Nicolai Argon GX Test – Overview
Handmade in Germany – Nicolai meets Pinion
Welding together what belongs together
If there is something like a German “cult” bicycle manufacturer, it goes by the name of Nicolai. When you hear this name, you immediately think of wide aluminium welding beads and an unmistakable style somewhere between extremely sophisticated and a little crazy to experimental. And you think of real craftsmanship. Of spraying sparks, flying chips and oil-smeared welders. At least that’s how I feel when I think of Nicolai bikes, even a gravel bike like the one in our Nicolai Argon GX test. Perhaps it’s because I’ve known this company since I myself became addicted to the cult of two-wheeled vehicles – after all, we’re talking about almost three decades here. At the time, company founder Karl Heinz Nicolai was – like me – addicted to the punk rock charm of a new trend sport, mountain biking.

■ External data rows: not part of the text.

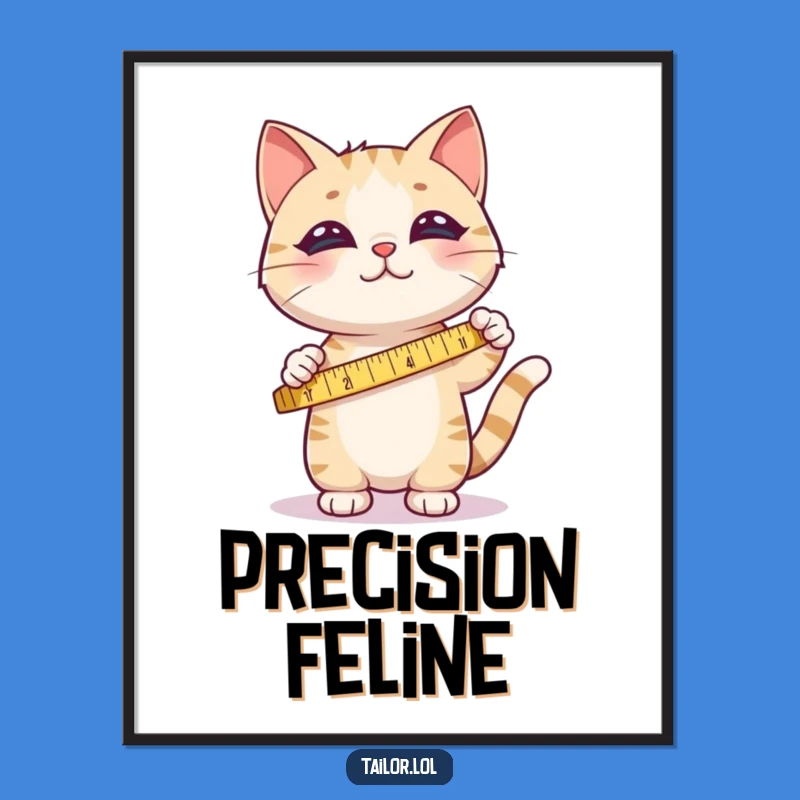 Funny Cat Sewing Poster - Cute Fabric Art, Humorous Wall Decor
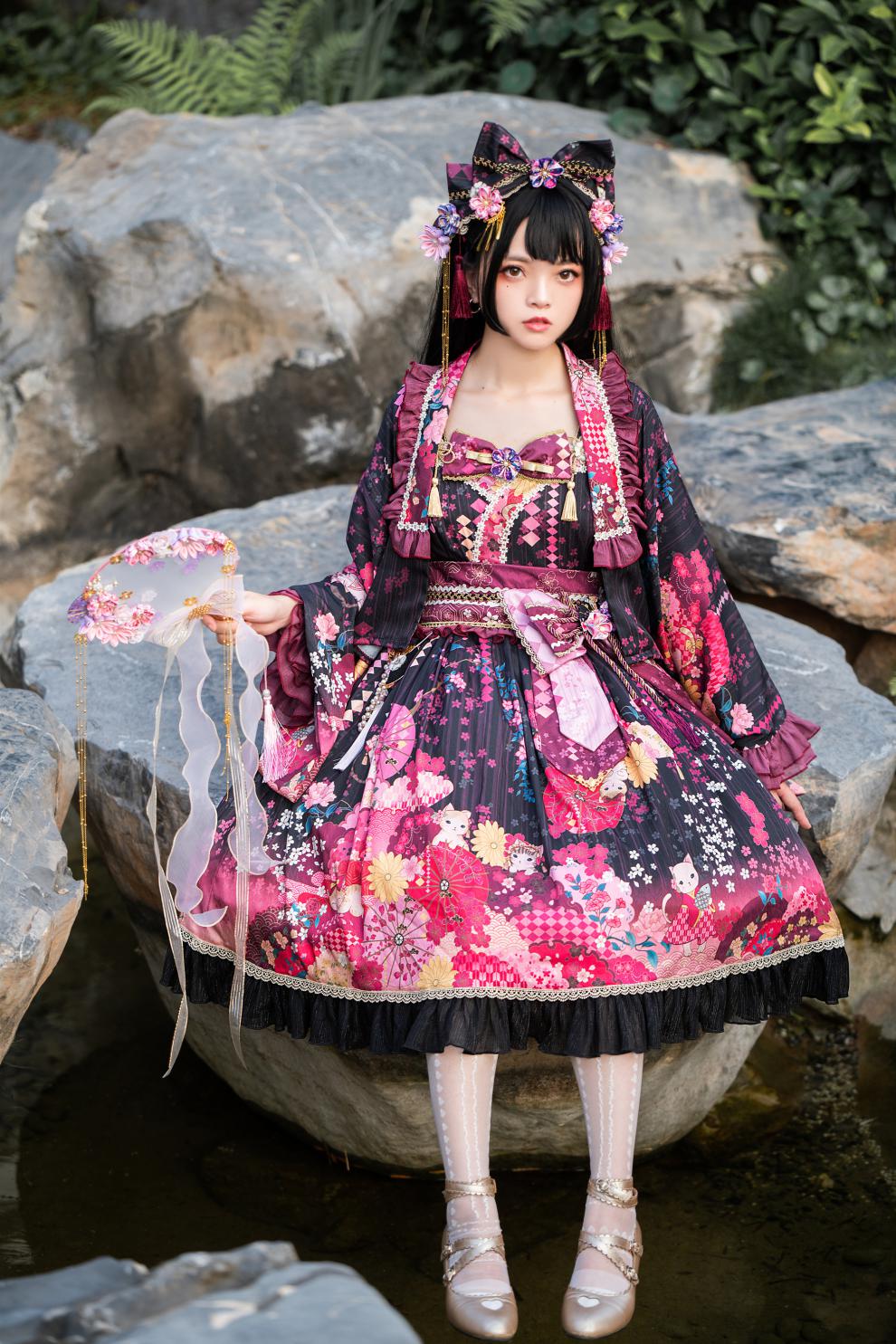 洛丽塔和风现货当天发fs全款 正腰款落樱猫屿lolita和风jsk羽织内搭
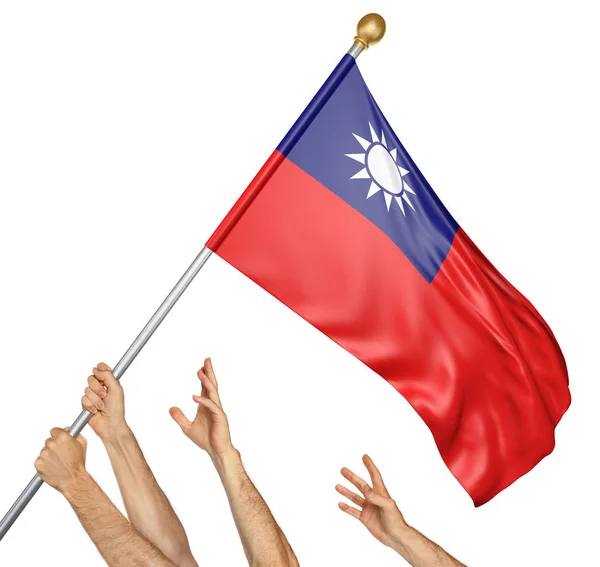 Team av bemannar händer att höja den Taiwan nationellt flagga, 3d-rendering isolerad på vit bakgrund — Stockfoto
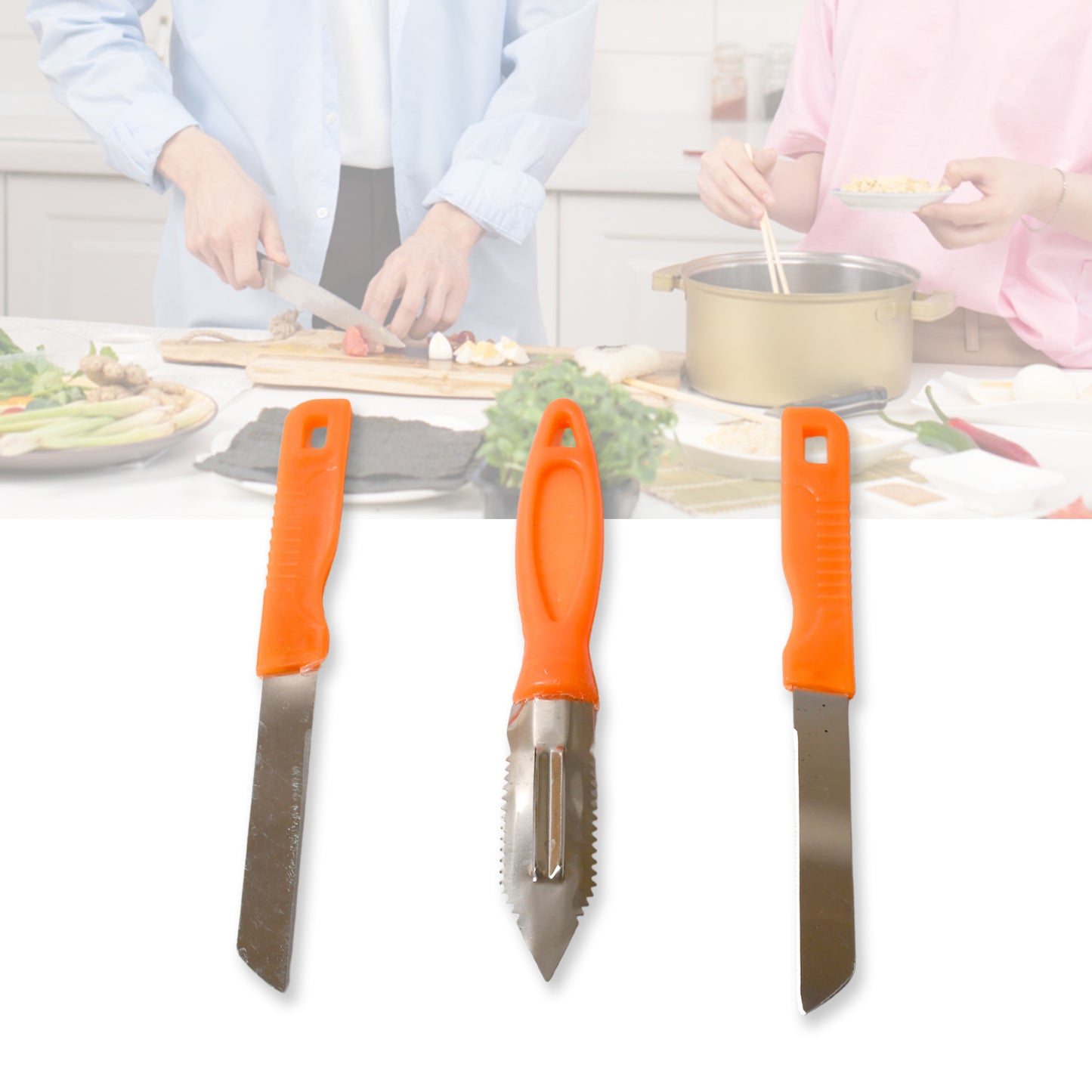 8217 3in1 Multipurpose Stainless Steel Classic Kitchen Knife Set Of 3 For Fruits And Vegetable Chopping Cutting Peeling Kitchen Knife Vegetable Peeler Plain Knife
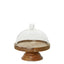 Alicia Glass Cloche Cake Cover with Wooden Base Small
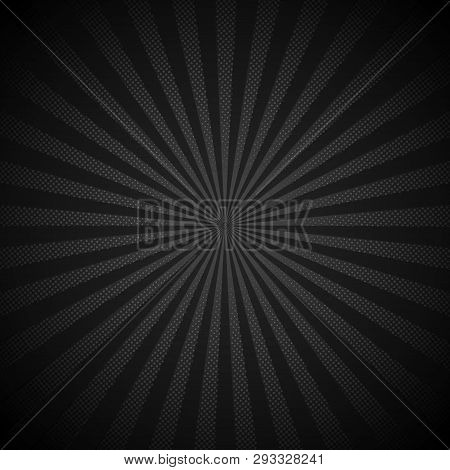 Absrtract Retro Shiny Starburst Black Background With Dots Pattern Texture Halftone Style. Vintage R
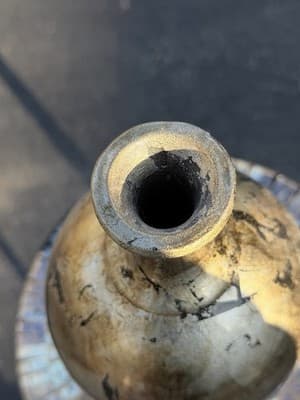 Decorative Porcelain Vase Gold Silver Abstract Glaze Modern Home Decor 15” - Thumbnail 5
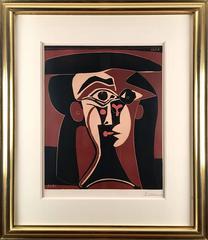 Pablo Picasso, "Tête de Femme", original linoleum cut, hand signed
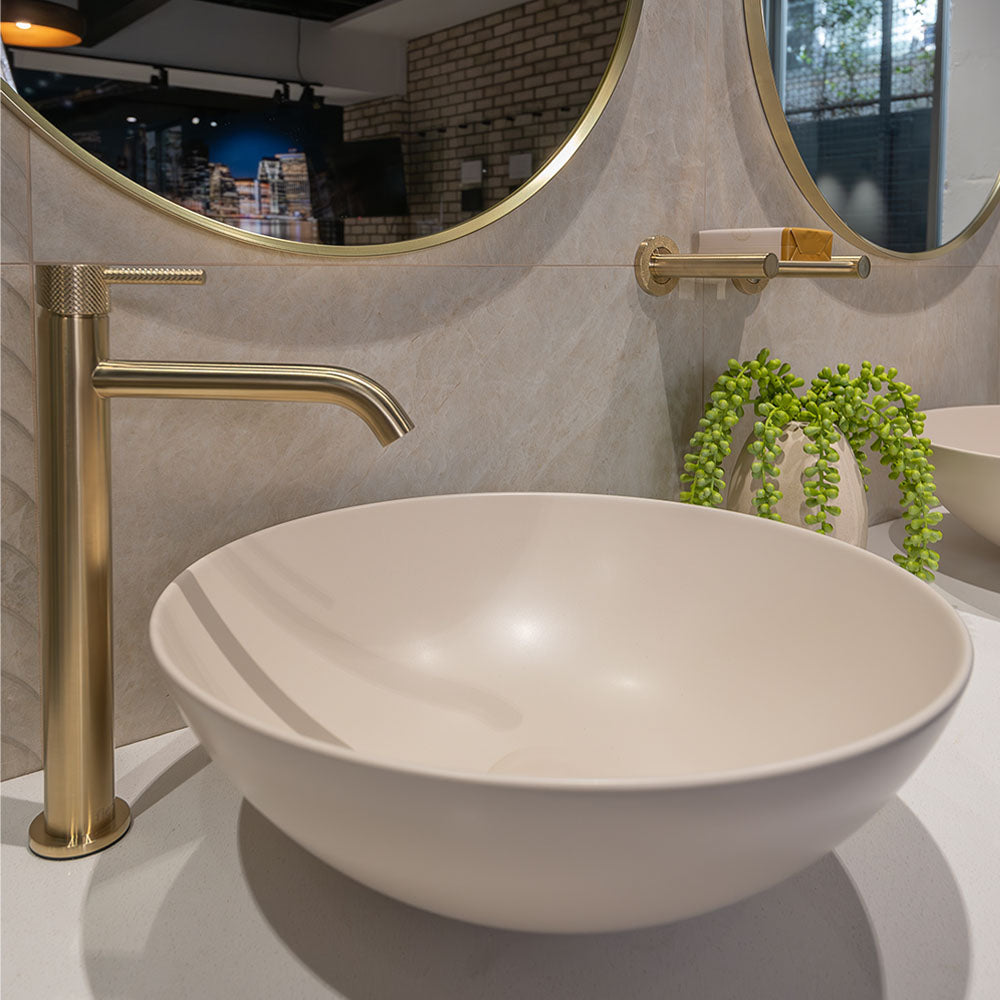 Aluca Above Counter Basin, Matte Khaki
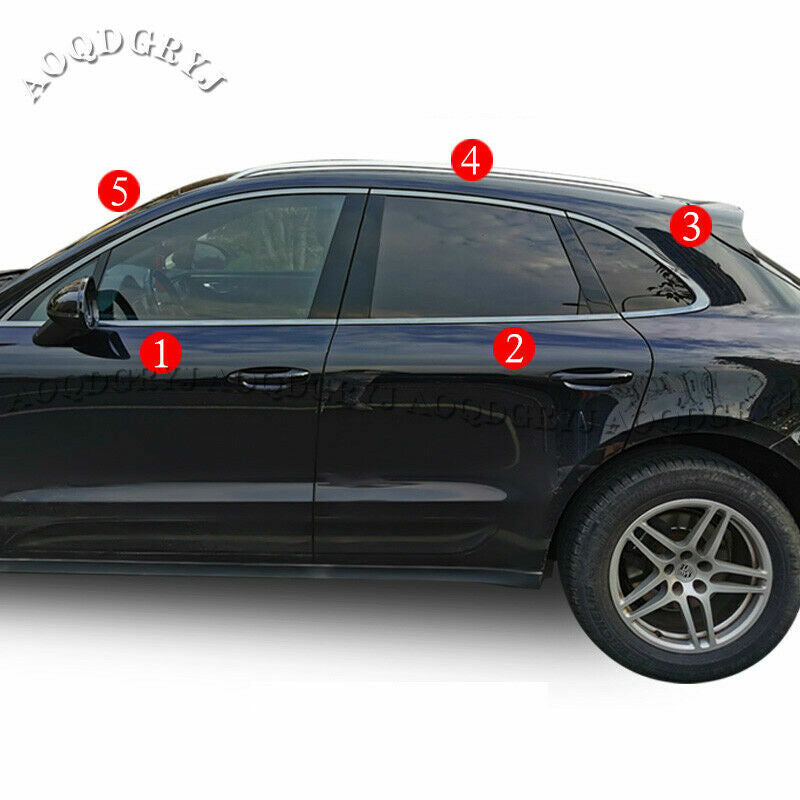 for Porsche Macan 2014-2019 Glossy Black Window Moulding Pillar Sill Trim Cover
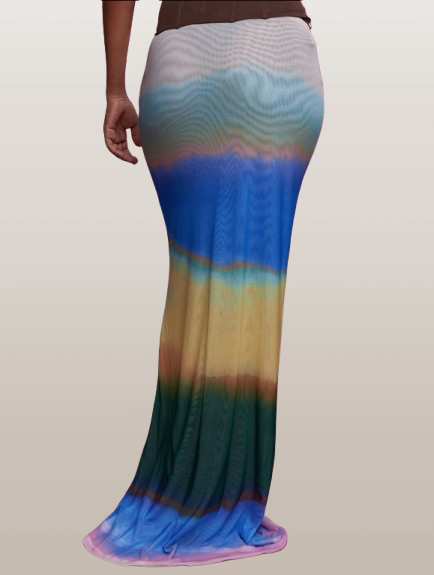 Gradient Elegance Maxi Skirt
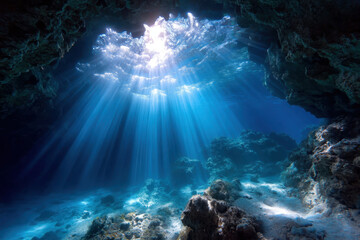 Obraz premium Sunbeams penetrate clear water illuminating the underwater landscape and coral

But unlike me, Kalle was equipped with the necessary technical gumption that allowed him to give form to his passion. Initially as an intern, later on contract work for other companies, but always visionary and extremely successful. The step towards his own bike workshop was the logical consequence and Kalle’s dream took more and more shape. He has had his own bike company since 1995: Nicolai. What started with two men in the garage of his parents’ house is now a well-known company with around 30 employees. Then as now, the same principle remains: from the idea to the first drawings, prototypes to the finished bike, a Nicolai bike is created one hundred percent under the same roof – now in Mehle, Lower Saxony.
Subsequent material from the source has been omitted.